激怒(2022年製作の映画)上映時間:100分
評価【★★★★☆】4.0/5点満点中
奥野瑛太
彩木あや
森羅万象 他…
あらすじ
中年の刑事・深間は、いったん激怒すると見境なく暴力を振るってしまうという悪癖があった。かつてはその強引な手法により街から暴力団を一掃した功労者と讃えられた深間だったが、度重なる不祥事に加え、大立ち回りで死者まで出してしまったことの責任を問われ、治療のため海外の医療機関へと送られることになる。
数年後、治療半ばにして日本に呼び戻された深間は、見知った街の雰囲気が一変してしまったことに気づく。行きつけだった猥雑な店はなくなり、親しい飲み仲間や、面倒をみていた不良たちの姿もない。さらに、町内会のメンバーで結成された自警団が高圧的な「パトロール」を繰り返しているのだ。一体、この街に何が起きているのか? 「安全・安心なまち」の裏に隠された真実に気づいたとき、深間の中に久しく忘れていた怒りの炎がゆらめき始める……。
公式サイトよりあらすじ抜粋
総評
"The end"で終わる映画は良いですねぇ。本作は現代日本における監視社会を誇張し、行き過ぎた”正義”を振りかざす人に対して、徹底的な暴力で否定しています。
東京の町を歩いているとよく見かけるのが”だれか見てるぞ!”の文字。一体なぜ見られなければならないんだ。何の権利があって?というモヤモヤした気持ちになります。

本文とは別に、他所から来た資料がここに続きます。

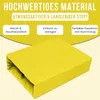 Best for Kids Spannbettlaken 100% Baumwolle Jersey, in 22 Produktbild-Vorschau 3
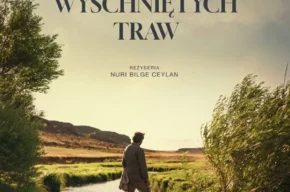Wśród wyschniętych traw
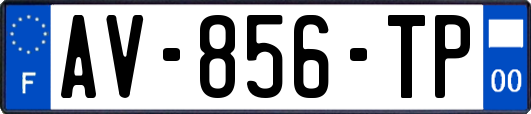AV-856-TP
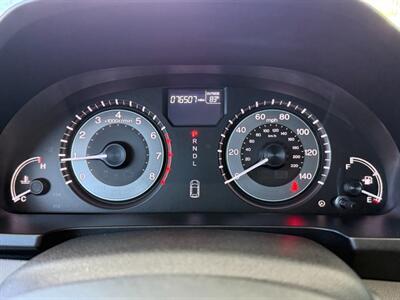 2016 Honda Odyssey EX-L   - Photo 36 - Orange, CA 92868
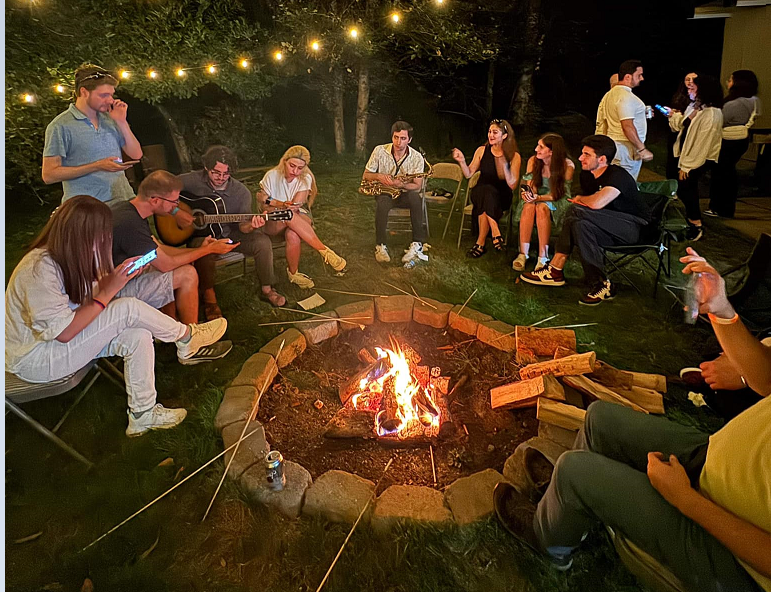  Seattle ACYO Bonfire 2024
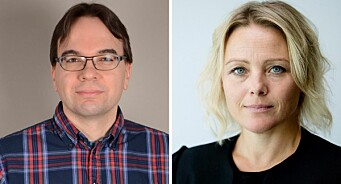 Fylkes­sammenslåing førte til journalkluss for Innlandet: – Et demokratisk problem, mener redaktør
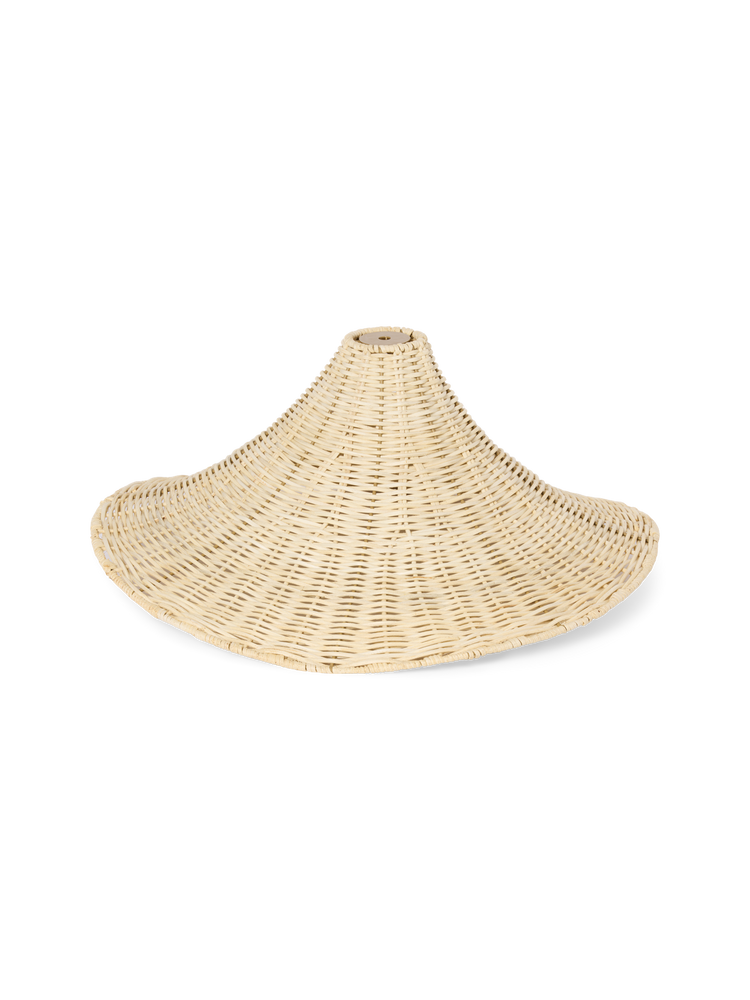 Pendant lamp shade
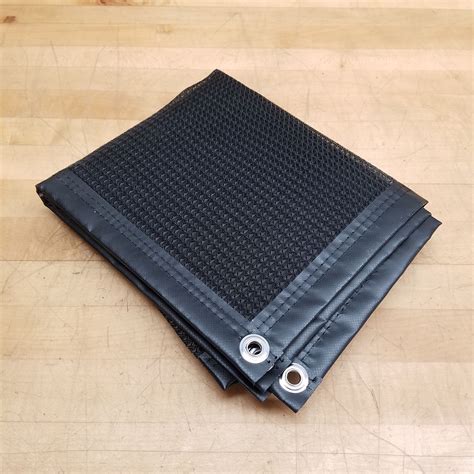 Permatron Prevent X Air Intake Filter Screen New Ebay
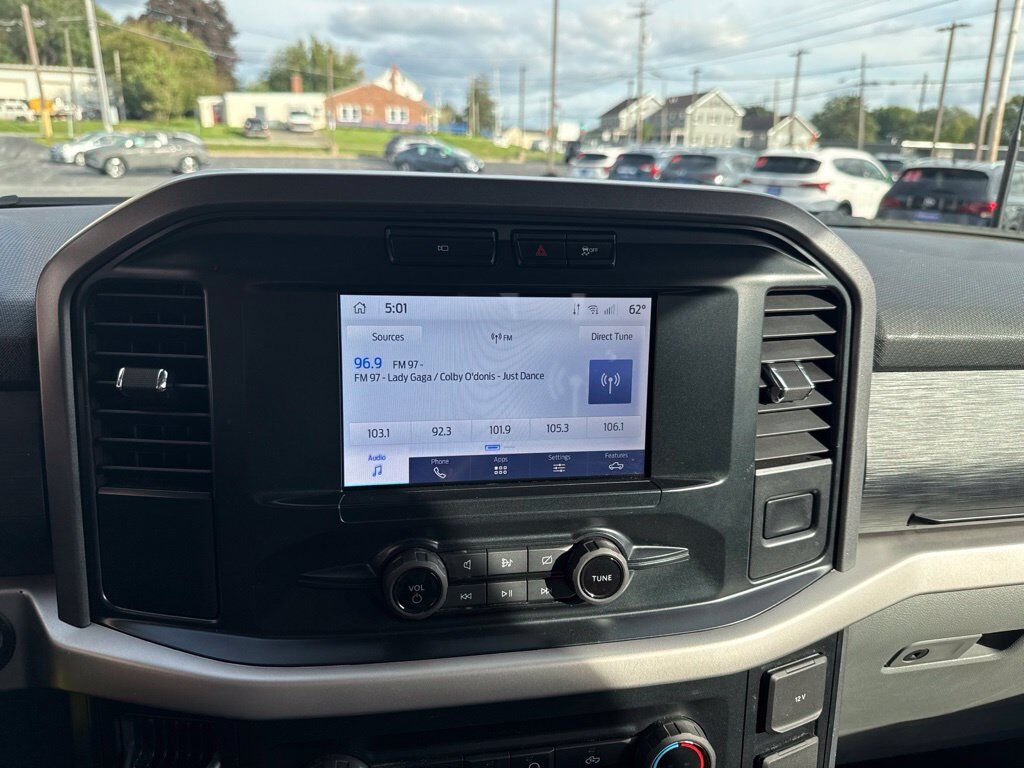 2023 Ford F-150 XLT Mount Joy PA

本作はそんなモヤモヤのさらに上を行く監視社会を描いています。はみ出したものは生きてはゆけない社会。”安心・安全”を建前に許される暴力。主人公の深間ははじめこそ、そりゃあんたも悪いというような暴力刑事ですが、3年の治療を経て戻った後の深間の状況は、友人はいなくなり、町は最低な奴らに牛耳られ、次々と仲間が殺されていくので、それは”怒り”も溜まるわなと、ついには”俺はお前たちを殺す!”と叫び実行していく深間に本作のカタルシスがあります。殴りすぎて手からはみ出た骨で相手の顔面をつぶしたり、喉を刺すシーンは見てるこちらもアガります。
そんな暴力を経て、急に穏やかな音楽が流れ、まさかと思いきや”The end”の文字が。そうそうこういう終わり方でいいんだよと思わずニッコリして劇場を後にしました。